TO DO — Please reproduce the records below exactly, omitting any pictures they contain.

START RECORD SET

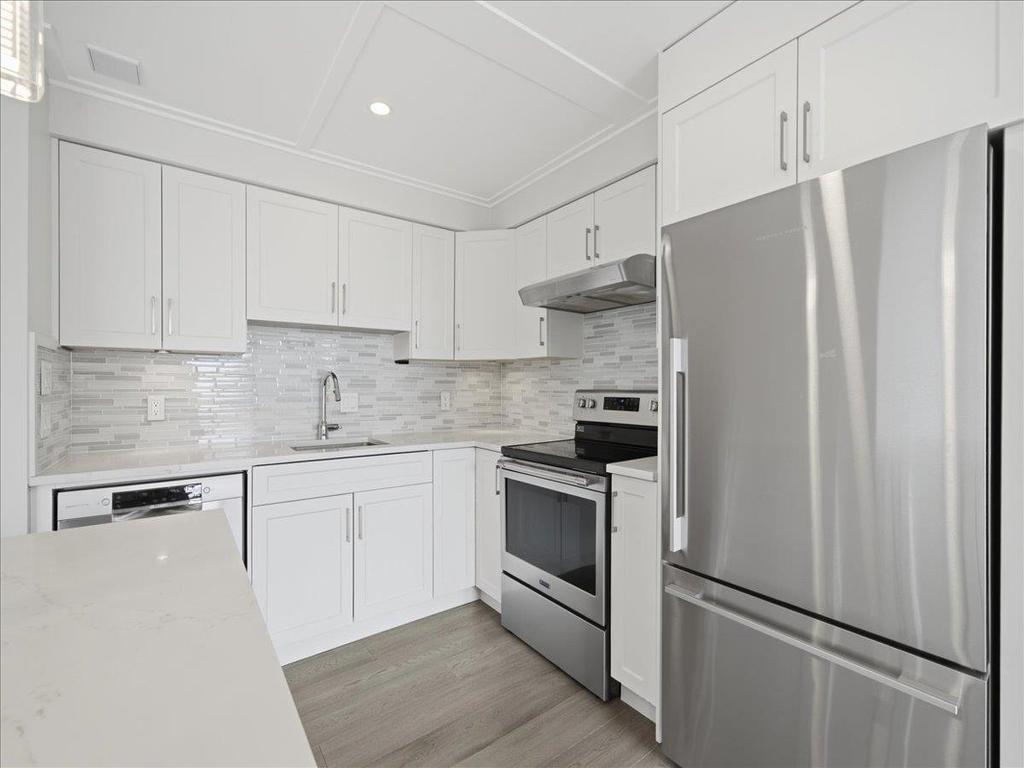 Listing Image for R3150471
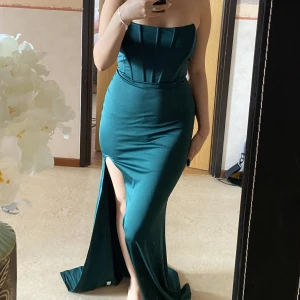 Mörkgrön festklänning, passa på fri frakt - En jättefin klänning jag har använt en gång. Färgen är superfin och klänningen är i storlek XS men jag har storlek S och den fungerade jättebra. Så både xs och s funkar. Nyskick.  Köparen står för frakten ❤️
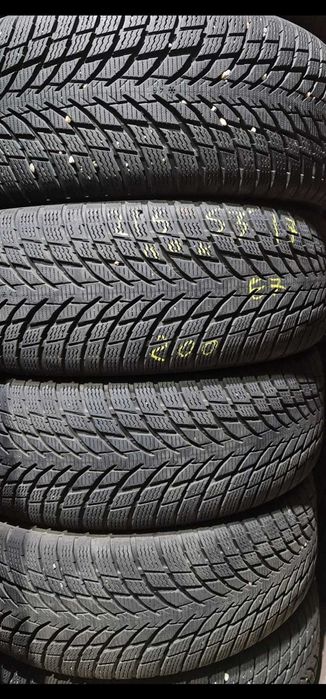 Anvelope IARNA 215 55 17 si 225 50 17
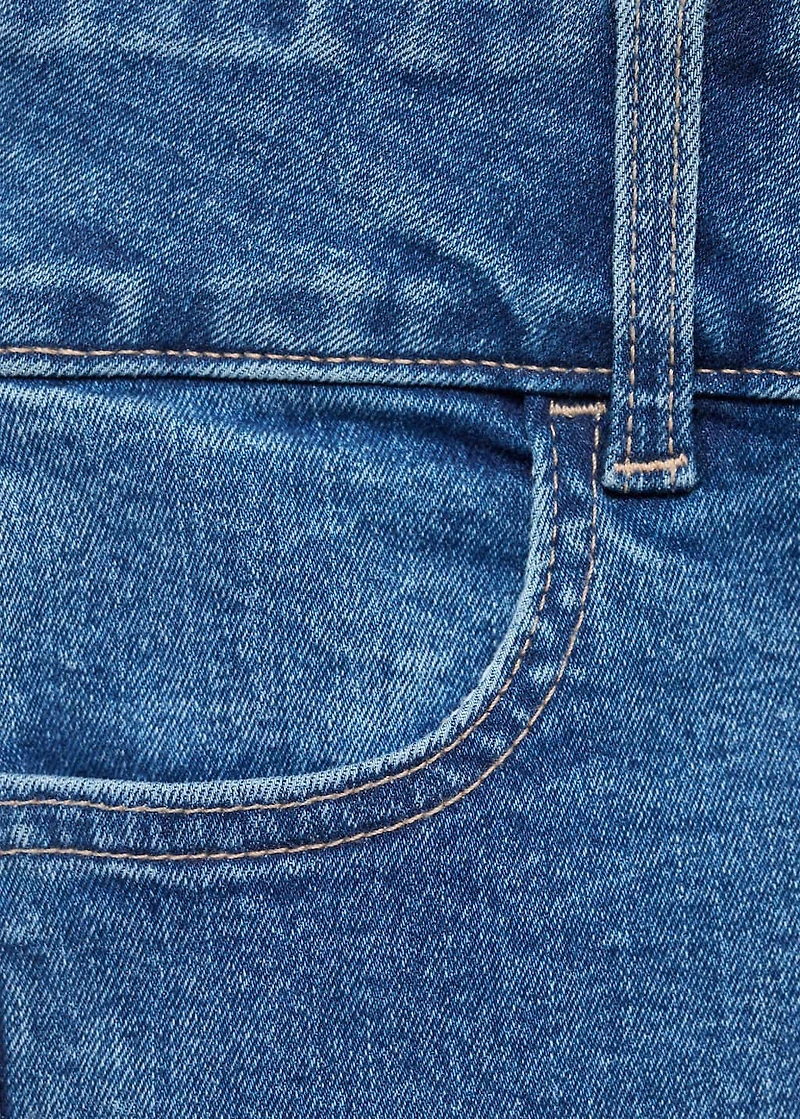 Low-waist flared jeans
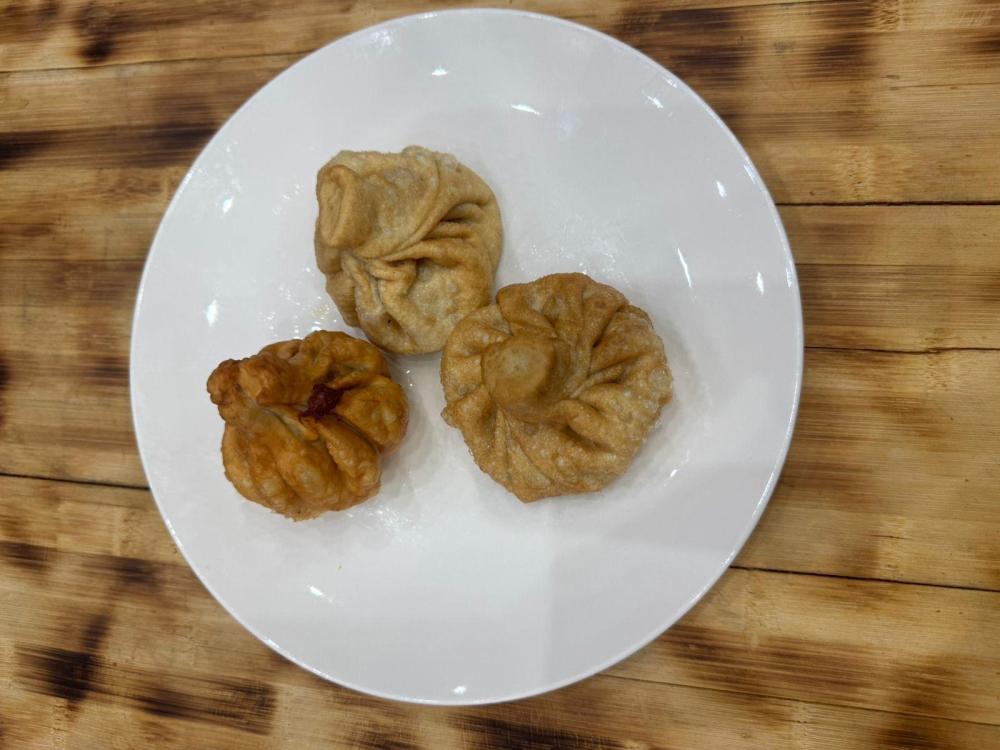 Хинкали с горбушей и икорным соусом, 415 гр.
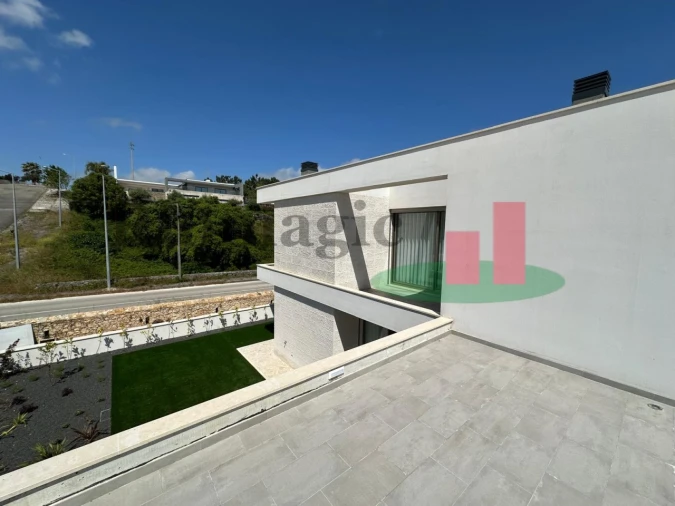 Moradia T3 para Venda em Rio Maior Foto 48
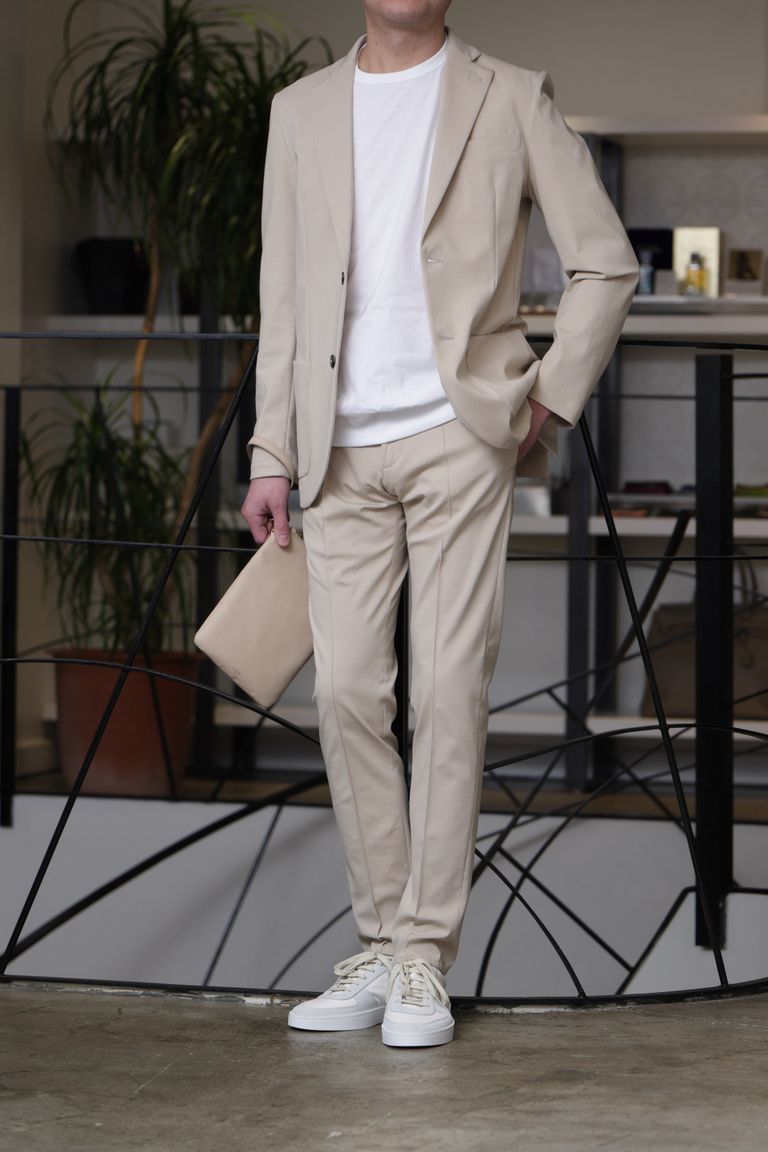 ジャブスアルキヴィオ セットアップスーツを使用した、抜け感を効かせた上品ベージュコーデ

END RECORD SET

WRITTEN RESPONSE —
 Listing Image for R3150471
 Mörkgrön festklänning, passa på fri frakt - En jättefin klänning jag har använt en gång. Färgen är superfin och klänningen är i storlek XS men jag har storlek S och den fungerade jättebra. Så både xs och s funkar. Nyskick.  Köparen står för frakten ❤️
 Anvelope IARNA 215 55 17 si 225 50 17
 Low-waist flared jeans
 Хинкали с горбушей и икорным соусом, 415 гр.
 Moradia T3 para Venda em Rio Maior Foto 48
 ジャブスアルキヴィオ セットアップスーツを使用した、抜け感を効かせた上品ベージュコーデ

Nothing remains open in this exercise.